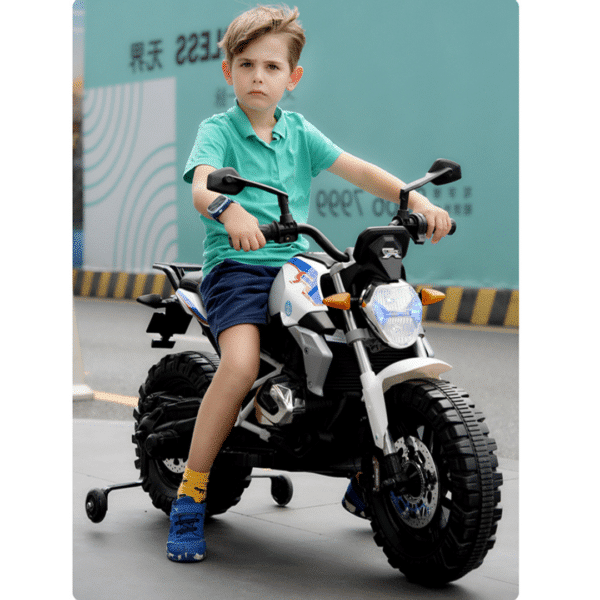 אופנוע שטח חשמלי R-POWER 12V לילדים, בעיצוב ספורטיבי ומתקדם, נהדר למשחקים והרפתקאות בטוחות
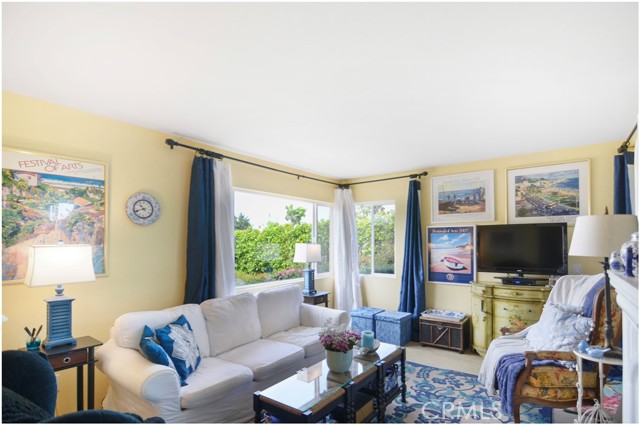 Detail Gallery Image 8 of 31 For 48 Corniche Dr #D,  Dana Point,  CA 92629 - 1 Beds | 1 Baths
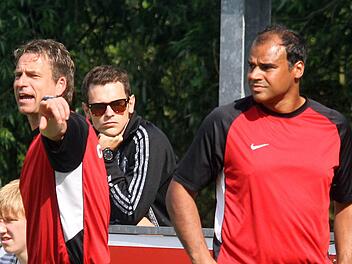 Olaf Teuchert (links) ist als Bezirksligatrainer des FC Coburg zurückgetreten. Nachdem der Verein nicht über die Saison hinaus mit ihm plant, will er nach eigenen Angaben den Weg für einen Neuanfang sofort frei machen. Foto: Archiv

● TASK GOAL:
Keep the pictures out, and write out the rest of the data above word for word.

● WRITTEN ANSWER:
 אופנוע שטח חשמלי R-POWER 12V לילדים, בעיצוב ספורטיבי ומתקדם, נהדר למשחקים והרפתקאות בטוחות
 Detail Gallery Image 8 of 31 For 48 Corniche Dr #D,  Dana Point,  CA 92629 - 1 Beds | 1 Baths
 Olaf Teuchert (links) ist als Bezirksligatrainer des FC Coburg zurückgetreten. Nachdem der Verein nicht über die Saison hinaus mit ihm plant, will er nach eigenen Angaben den Weg für einen Neuanfang sofort frei machen. Foto: Archiv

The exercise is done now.